Historical Origins of Valentine’s Day

Valentine’s Day traces its origins back to ancient Rome, where the festival of Lupercalia was celebrated from February 13th to 15th. This pagan festival was dedicated to Faunus, the Roman god of agriculture, and Romulus and Remus, the founders of Rome. During Lupercalia, rituals were performed to avert evil spirits and purify the city, releasing health and fertility.


The holiday as we know it began to take shape in the 5th century, when Pope Gelasius I replaced Lupercalia with St. Valentine’s Day. The exact identity of St. Valentine is shrouded in mystery, with at least three different saints named Valentine recognized by the Catholic Church, all of whom were martyred. The most popular legend contends that Valentine was a priest who served during the third century in Rome. Emperor Claudius II had outlawed marriage for young men, believing that single men made better soldiers. Valentine, realizing the injustice of the decree, defied Claudius and continued to perform marriages for young lovers in secret. When Valentine’s actions were discovered, Claudius ordered that he be put to death.


By the Middle Ages, Valentine became one of the most popular saints in England and France. The day began to be associated with romantic love around the 14th century, possibly due to the belief in France and England that February 14 was the beginning of birds’ mating season.

Valentine’s Day in America: Evolution and Adoption

Valentine’s Day was not widely celebrated in America until the 19th century. The first recorded instance of its celebration was by British settlers. By the mid-1800s, the holiday began to gain popularity in the United States, largely due to the influence of British and European immigrants who brought their customs and traditions with them.
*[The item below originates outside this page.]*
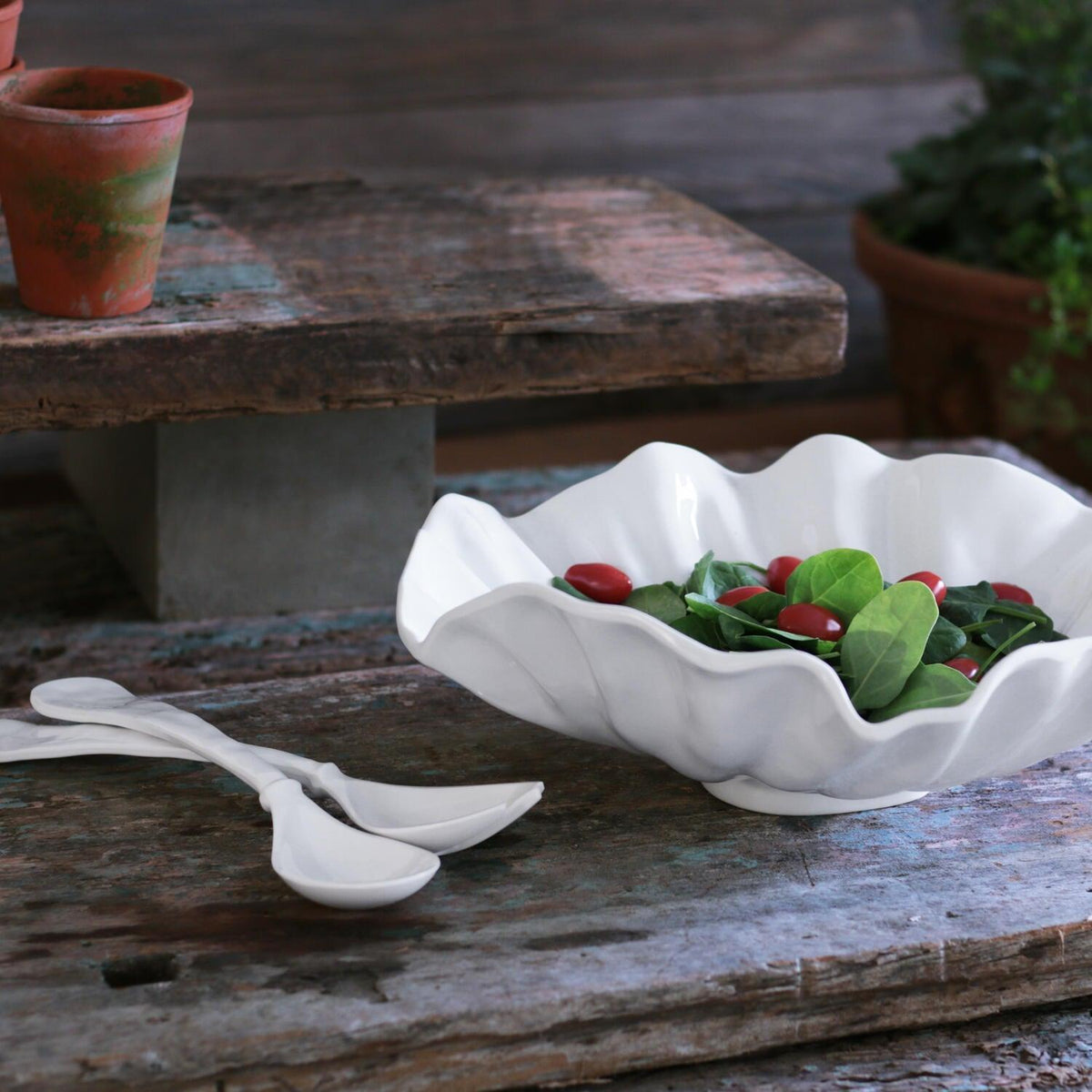 Vida Bloom Large Bowl (White) - Bowl View | Bone & Brass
The Industrial Revolution played a significant role in the commercialization of Valentine’s Day. With the advent of mass production, it became easier and cheaper to produce valentine cards. In 1847, Esther A. Howland, known as the “Mother of the American Valentine,” began selling the first mass-produced valentines in the United States. Howland’s elaborate creations with lace, ribbons, and colorful pictures made Valentine’s Day cards immensely popular.

The holiday’s commercialization continued to grow throughout the 20th century. Today, Valentine’s Day is big business in the United States. According to the National Retail Federation, Americans spend billions of dollars each year on Valentine’s Day gifts, including cards, chocolates, flowers, and jewelry.
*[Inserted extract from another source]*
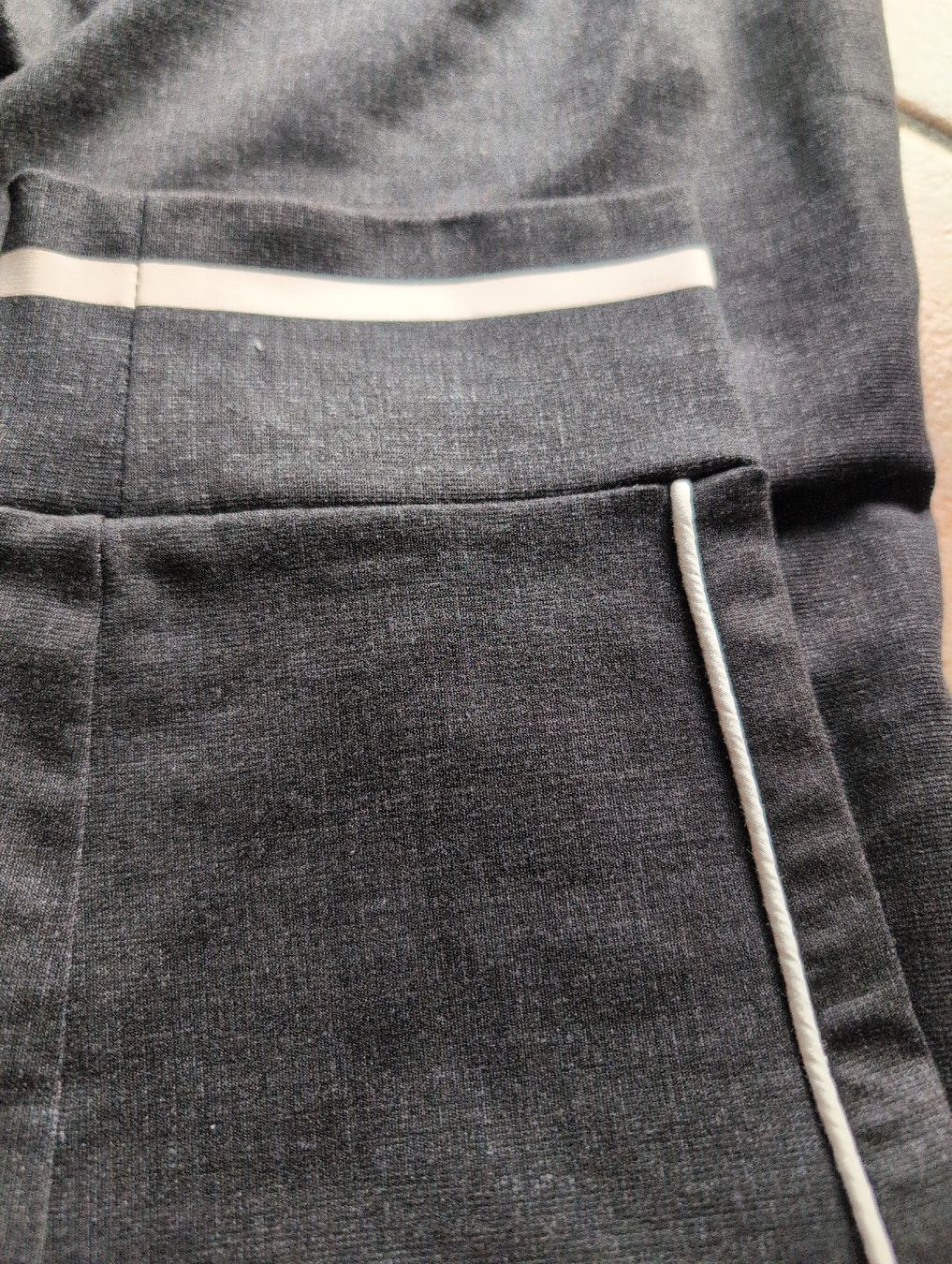 Hosen: Hose dunkelgrau Gr. 34 – Gebraucht aus Unterlunkhofen von SophieS. 4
Valentine’s Day as an American Cultural Phenomenon

Although Valentine’s Day has ancient roots and was influenced by various cultures before reaching the United States, it has evolved into a uniquely American celebration in many ways. The holiday’s transformation within American culture reflects broader societal changes and the influence of consumerism.

Commercialization and Consumer Culture

Valentine’s Day in the United States is often criticized for its heavy commercialization. The pressure to buy the perfect gift or plan the perfect date can overshadow the holiday’s original intent of celebrating love and affection. Retailers and advertisers have capitalized on this pressure, creating a multi-billion-dollar industry centered around the holiday.

Americans are encouraged to express their love through material gifts, leading to a surge in sales for greeting cards, chocolates, flowers, and jewelry. This commercialization is not unique to the United States, but the scale at which it occurs is significant. For instance, Hallmark, an American company, is one of the largest producers of Valentine’s Day cards, with approximately 145 million cards exchanged each year in the United States alone.

Media and Pop Culture Influence

Media and popular culture in America have also played a significant role in shaping Valentine’s Day traditions. Movies, television shows, and songs often depict Valentine’s Day as the ultimate romantic occasion, filled with grand gestures and declarations of love. This portrayal reinforces societal expectations and norms surrounding the holiday.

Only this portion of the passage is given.